The steps a data scientist will take from there depends on what they plan to do with this data. Frequently, they will develop machine learning algorithms to model the data. These models must be tested and validated before they can be used to derive data-driven insights valuable for business decision-making. The final responsibility of a data scientist in many cases is to create presentations that convey their findings to leadership and other stakeholders. 

While there are a variety of approaches to gather, process, and analyze data, there are some core data scientist skills that professionals need across the industry. Creating AI and machine learning algorithms requires coding knowledge, usually in Python or R. Skills in analysis and statistics are necessary during the analysis stage. Not all of a data scientist’s work is in the realm of technology, however. Success in this role also requires effective communication to convey insights to the leaders who use them to make decisions. The truth is, advancement in this field requires a combination of technical and soft skills, and this can be one of the challenges of building a data science career. 
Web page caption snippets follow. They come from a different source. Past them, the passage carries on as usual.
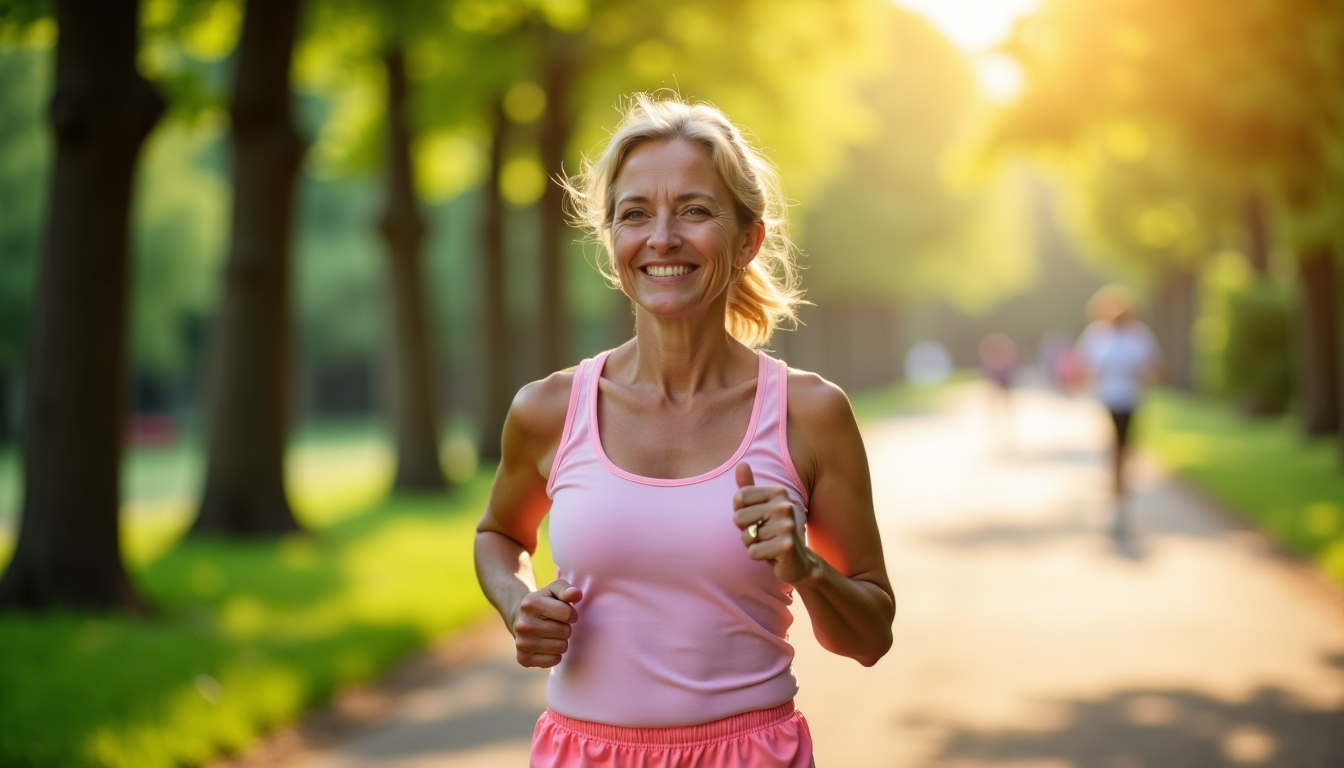 vie active et saine : 7 habitudes quotidiennes pour transformer votre routine — imaginez l'effet d'une simple marche de vingt minutes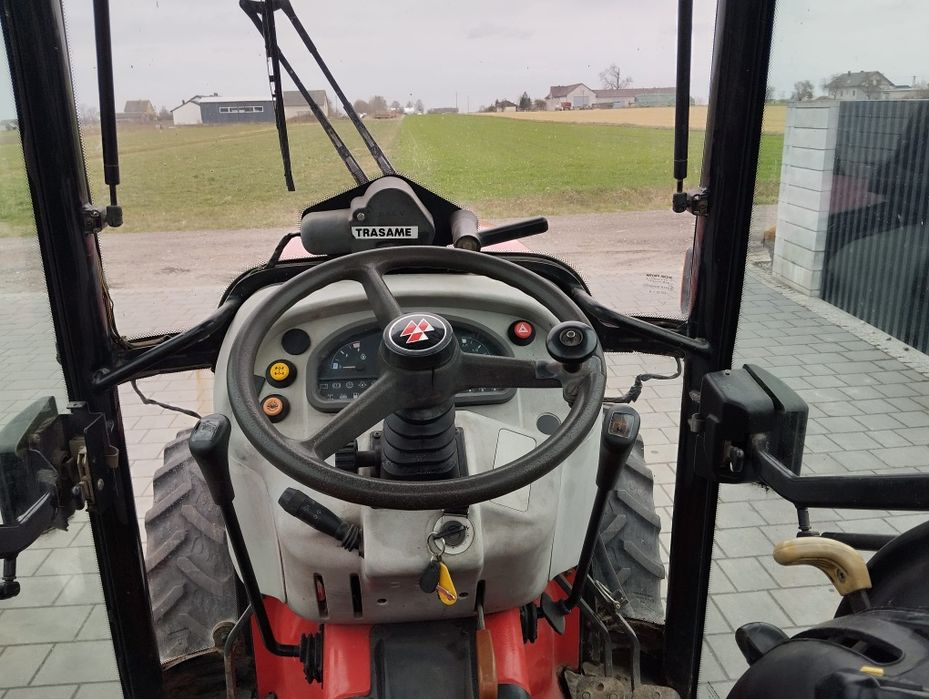 Massey Ferguson 3425  2008 Rok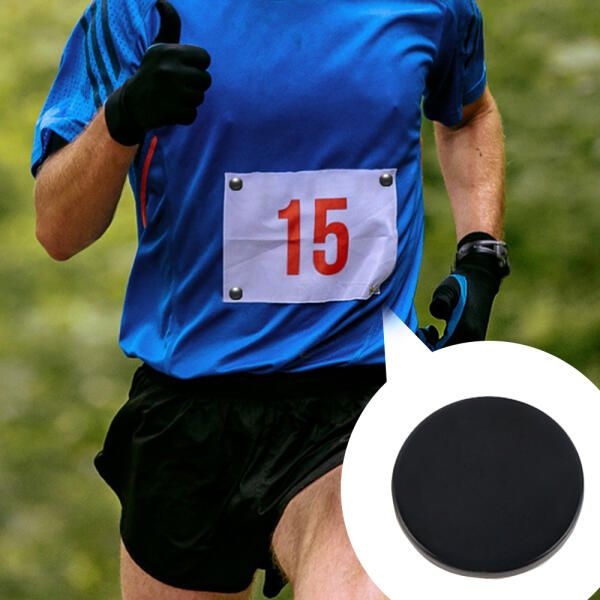 (현대Hmall) 아트박스/커버풀 마라톤 배번호 고정 클립 러닝 번호표 유니폼 빕버튼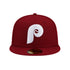 Philadelphia Phillies (1980) OTC World Series 59Fifty Fitted front view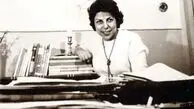 قصه‌های گمشده؛ طوسی حائری همسر احمد شاملو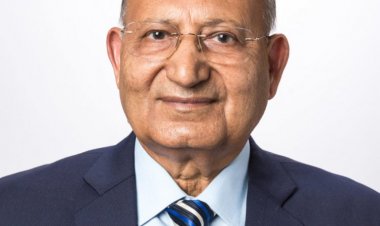 डॉ. आर.एस. परोदा को ATSE ने फैलो पद से सम्मानित किया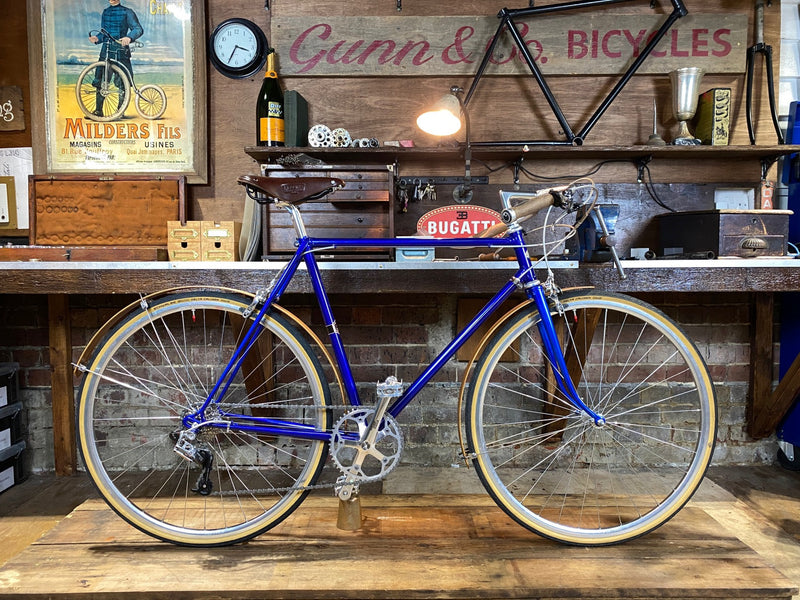 Gunn Bicycles | Hand built by Gunn & Co in England.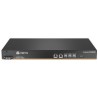 16-Port ACS8000 Console System with single DC Power Supply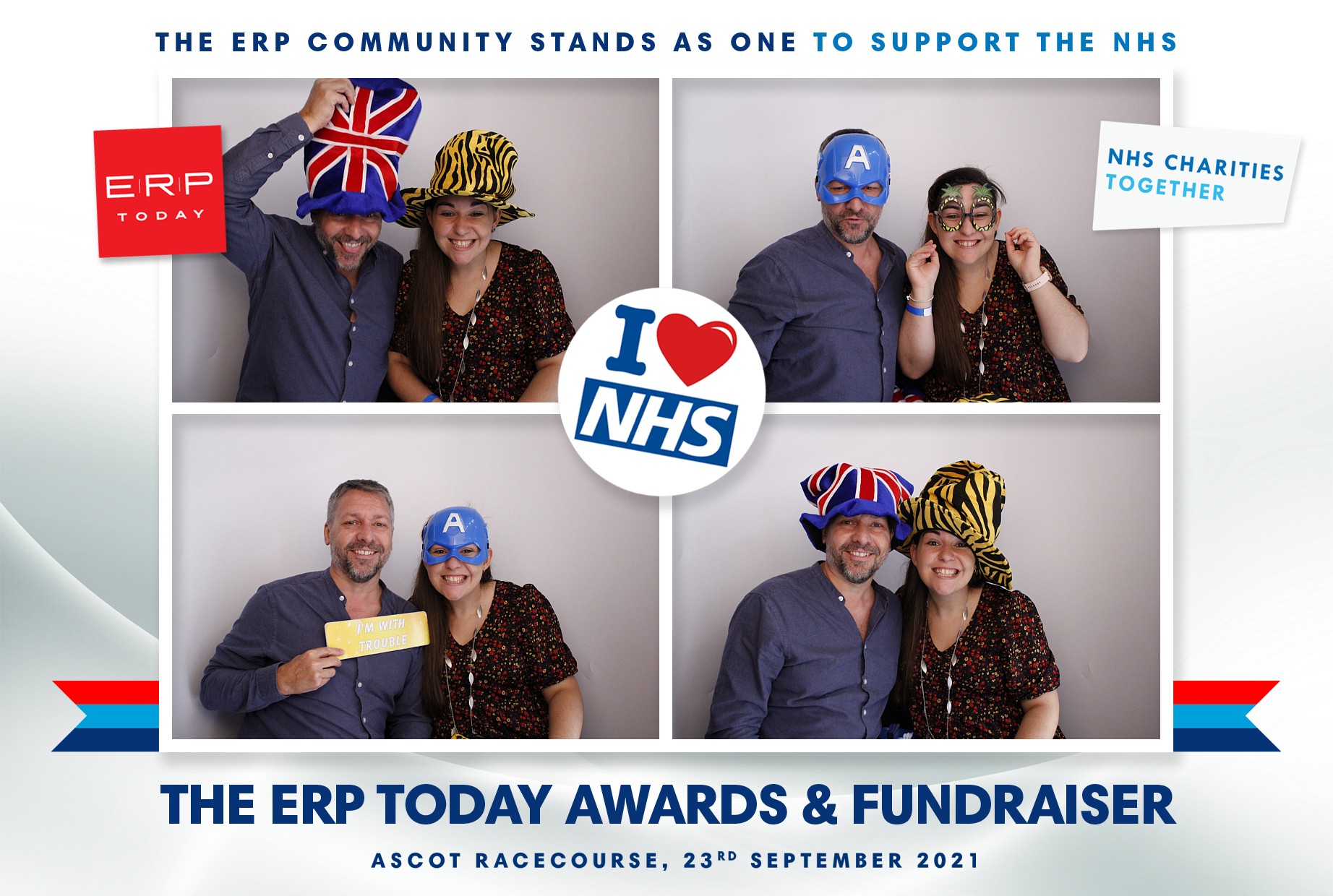 ERP Today Award's | View more photos from the event at gallery.myphotoboothexperience.co.uk/u/MyPhotoBoothExperienceLtd/ERP-Today-Awards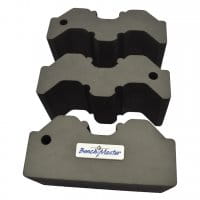 Fritzmann Gewehrauflage Bench Block einzeln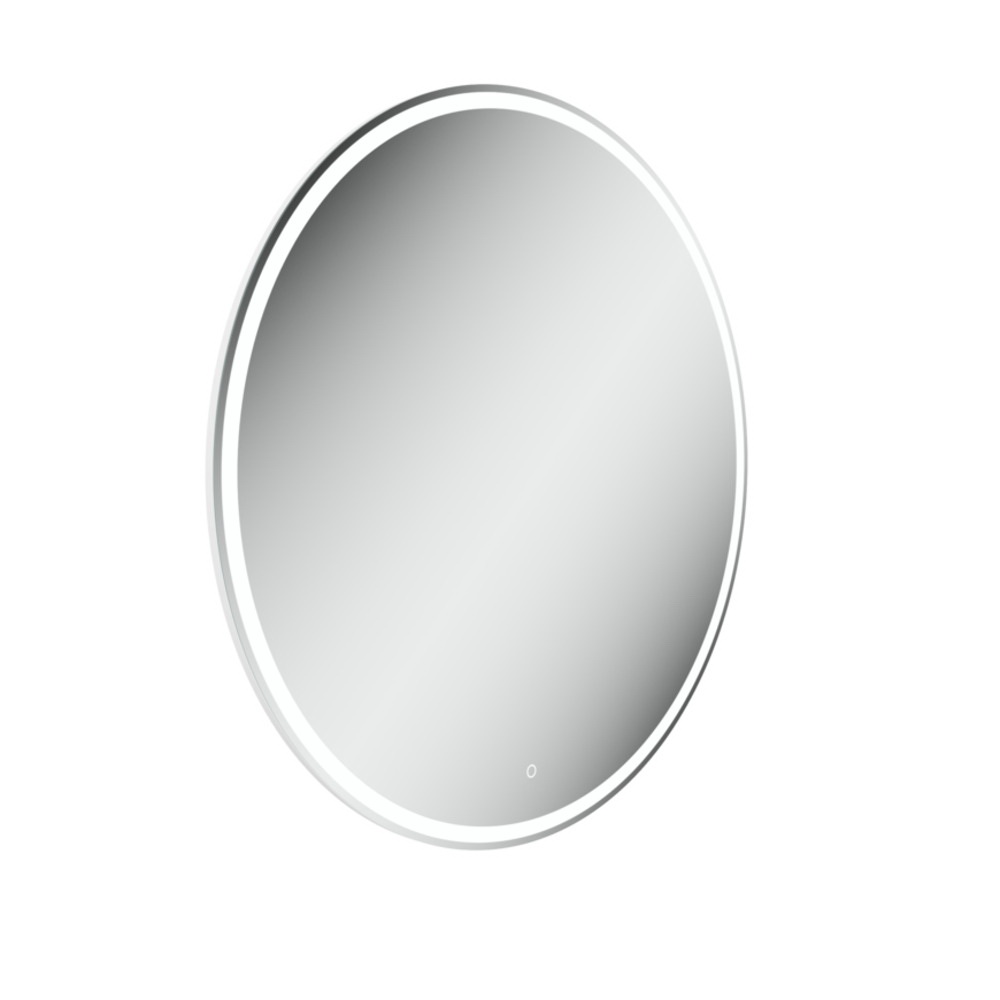 Sancos Bella Зеркало с подсветкой d100 см, сенсорный выключатель BE1000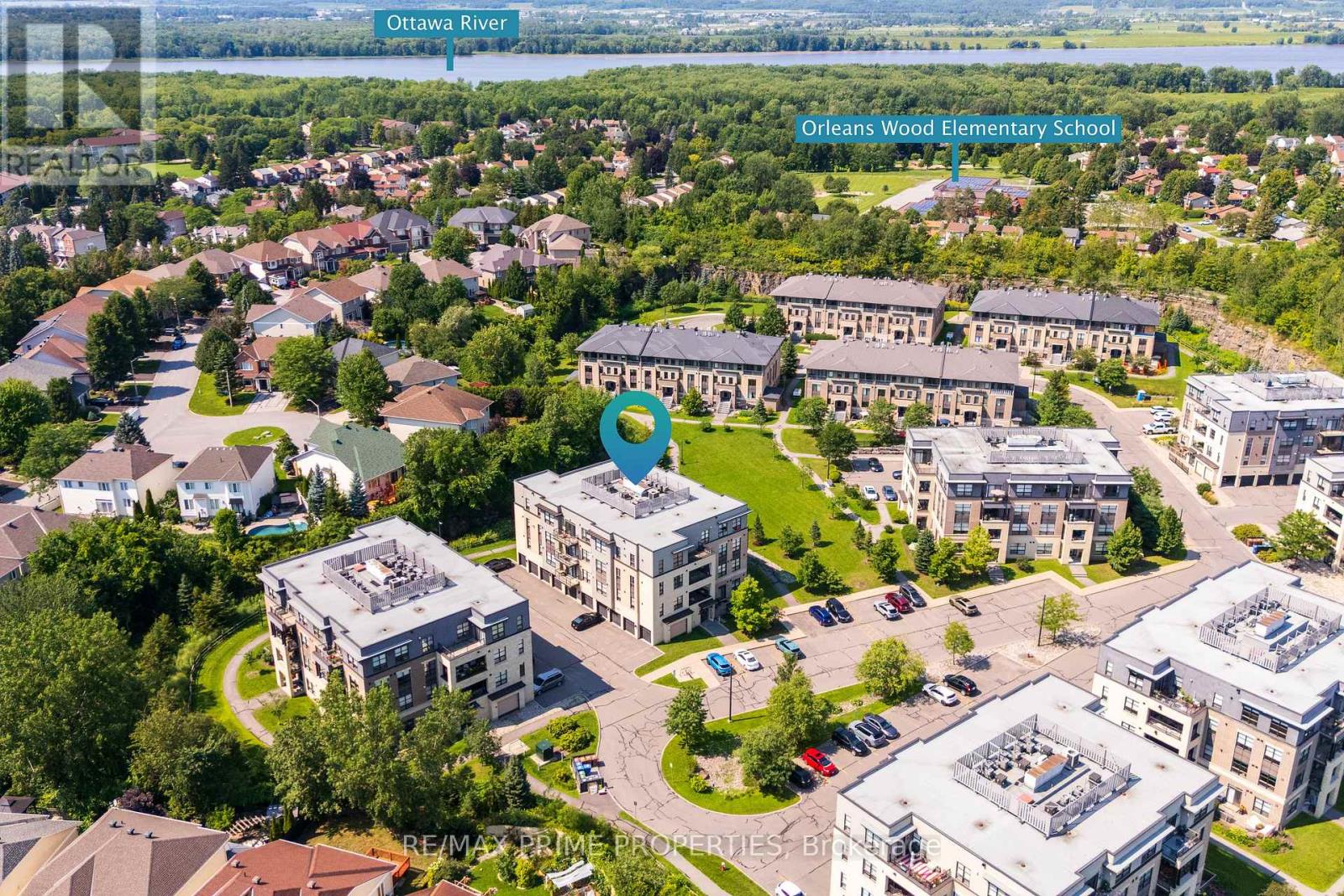 302 - 100 Montblanc Private, Ottawa, Ontario  K1C 0B2 - Photo 4 - X13641140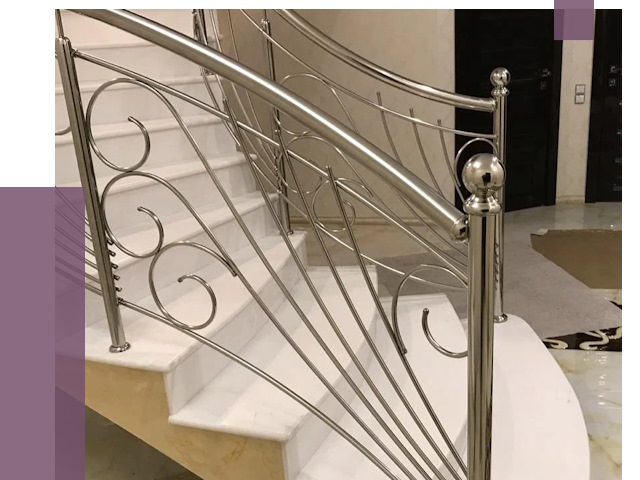 Ремонт перил в Ессентуках: покраска, замена и укрепление от 3263 руб.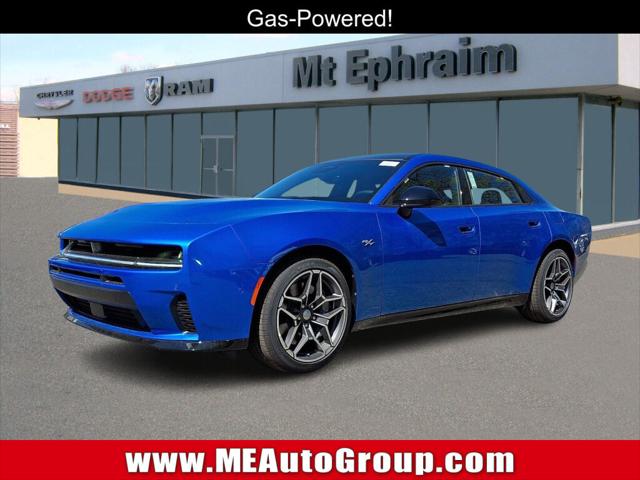 2026 Dodge Charger CHARGER R/T PLUS 4-DOOR AWD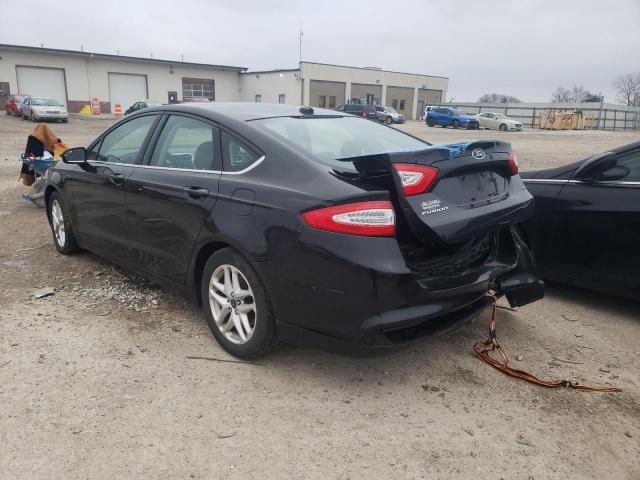 Изображение 3 2013 FORD FUSION SE 2013 с VIN 3FA6P0H76DR383638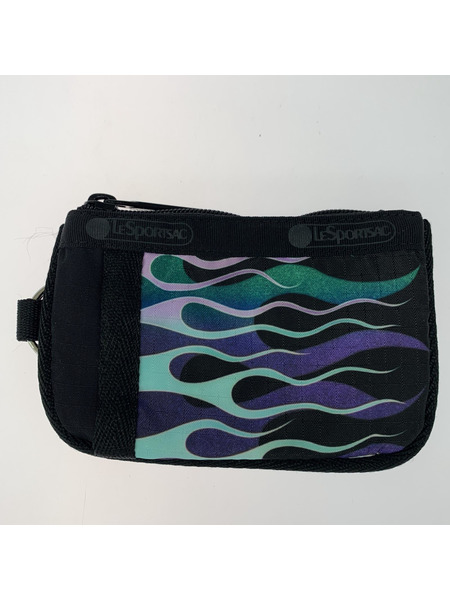 CHALLENGER×LESPORTSAC KEY CARD HOLDER
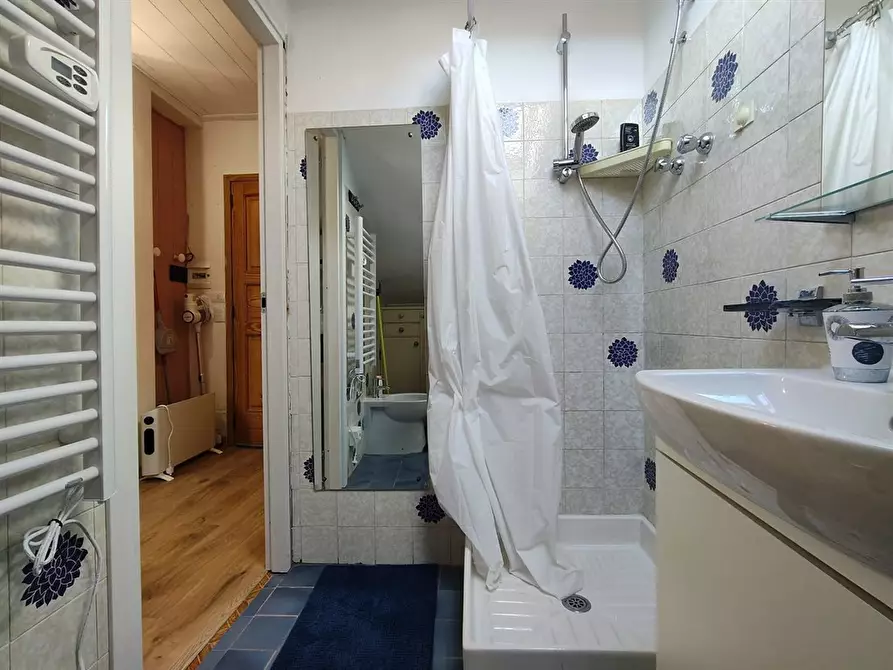 Immagine 4 di Appartamento in vendita  in VIA CHATEAUX 17 a Oulx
Where do data scientists work?

Most people think of data science as a tech industry role, and you certainly will find these professionals in technology businesses ranging from innovative start-ups to large international corporations. While computer systems design is the largest employment segment for data scientists, though, it only accounts for roughly 13% of data science jobs, according to the BLS.

The truth is, data science helps organizations identify trends, meet customer demands, and drive innovation in an array of fields. Rounding out the top five employment categories are insurance companies, enterprise management, technical consulting, and scientific research. Government agencies, manufacturers, logistics firms, healthcare institutions, and retailers also employ data science teams, and that list is far from comprehensive. 

Regardless of their industry, data scientists do tend to share a similar work environment. They typically work in an office setting, although remote positions are becoming increasingly popular, as well, and the flexibility offered to data scientists is one appealing part of the job for many. While these roles are typically full-time and may involve long hours, they normally offer a slower pace and lower stress than other high-paying tech roles.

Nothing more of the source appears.